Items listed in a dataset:
**********

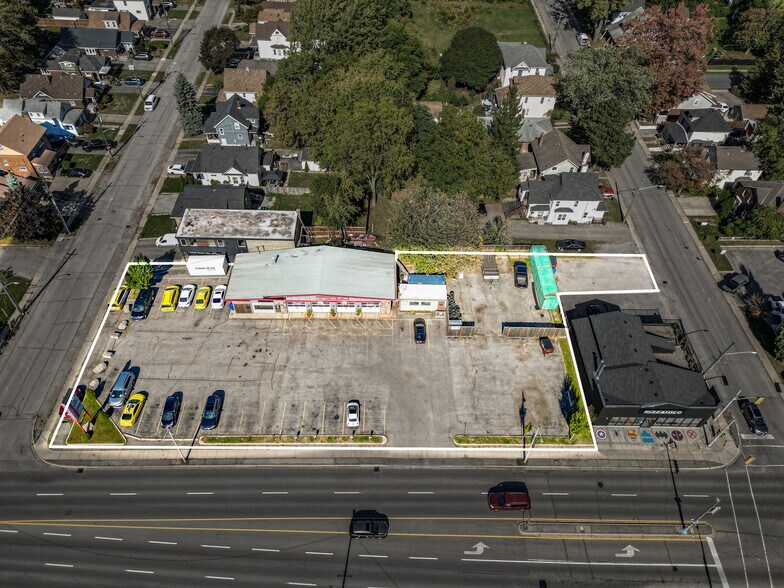 6499 Lundys Ln, Niagara Falls, ON à vendre - Photo de l’immeuble – Image 3 sur 40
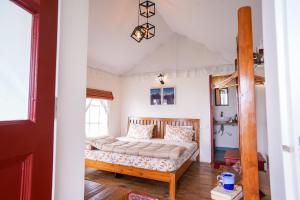 Moksham Himalayan Campsite Pangot客房内的一张或多张床位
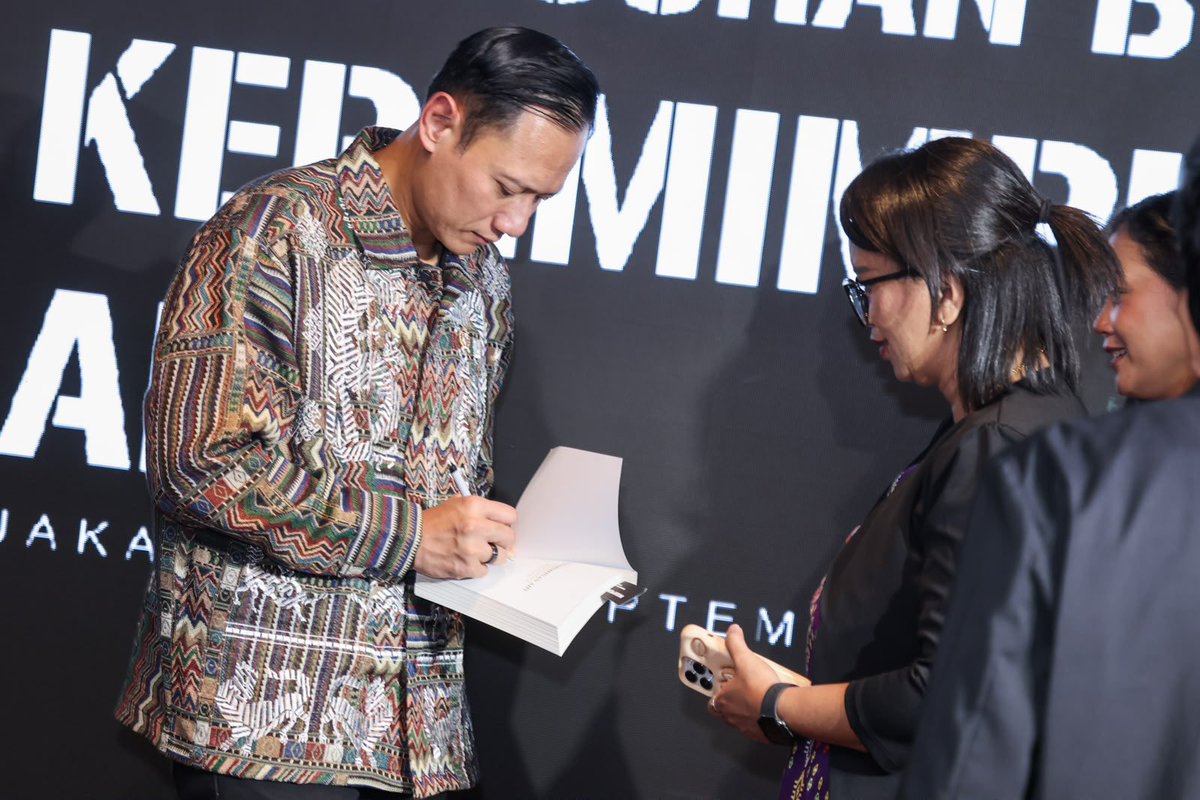 dpcdemokratpct's tweet photo. Menko AHY: Leadership Does Matter, Kepemimpinan Tak Bisa Berjalan Autopilot

Menteri Koordinator Bidang Infrastruktur dan Pembangunan Kewilayahan Agus Harimurti Yudhoyono (AHY) menegaskan bahwa kemajuan teknologi tidak membuat kepemimpinan menjadi tidak relevan. https://t.co/EsvnNI6UQ8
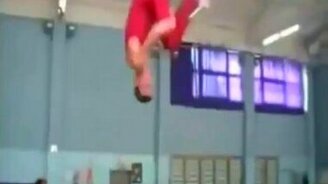 Большая подборка курьёзов и казусов - смотреть видео (9:04)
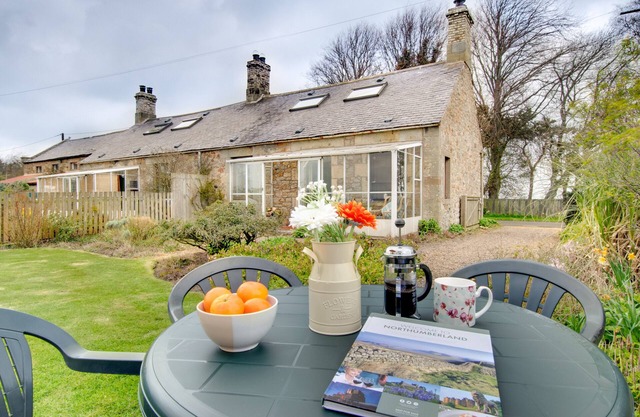 Brownridge Cottage - Two Bedroom House, Sleeps 4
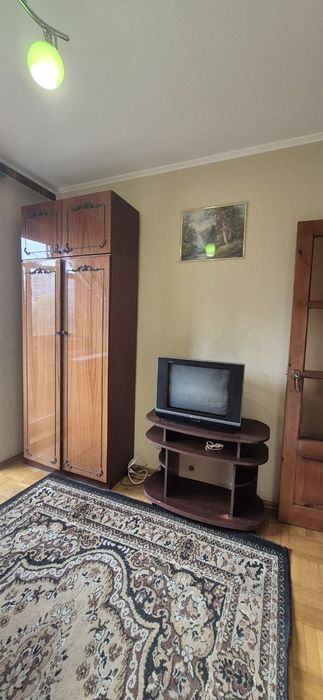 Продам 3 кімнатну квартиру на Лушпи 4 поверх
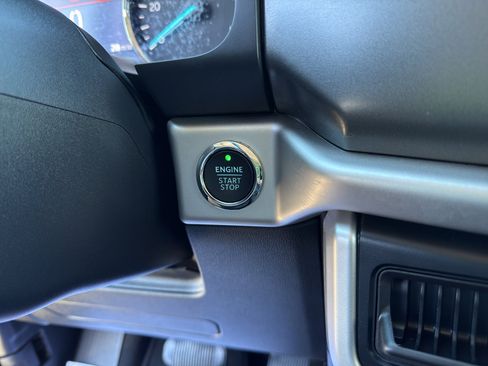 Used 2024 Ford Expedition XLT image 18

**********

> _Your task_
What should appear is an exact copy of the lines from the one containing "dpcdemokratpct's tweet photo." through the last line of the records above, pictures excluded.

> _Your response_
 dpcdemokratpct's tweet photo. Menko AHY: Leadership Does Matter, Kepemimpinan Tak Bisa Berjalan Autopilot

Menteri Koordinator Bidang Infrastruktur dan Pembangunan Kewilayahan Agus Harimurti Yudhoyono (AHY) menegaskan bahwa kemajuan teknologi tidak membuat kepemimpinan menjadi tidak relevan. https://t.co/EsvnNI6UQ8
 Большая подборка курьёзов и казусов - смотреть видео (9:04)
 Brownridge Cottage - Two Bedroom House, Sleeps 4
 Продам 3 кімнатну квартиру на Лушпи 4 поверх
 Used 2024 Ford Expedition XLT image 18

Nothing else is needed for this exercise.